▶ DATA SHOWN
▼

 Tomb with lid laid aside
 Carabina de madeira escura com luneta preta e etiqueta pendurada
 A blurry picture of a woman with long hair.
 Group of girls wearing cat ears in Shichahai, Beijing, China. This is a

▲

▶ TASK BRIEF
Extract the full listing above without altering anything.

▶ EXERCISE RESPONSE
 Tomb with lid laid aside
 Carabina de madeira escura com luneta preta e etiqueta pendurada
 A blurry picture of a woman with long hair.
 Group of girls wearing cat ears in Shichahai, Beijing, China. This is a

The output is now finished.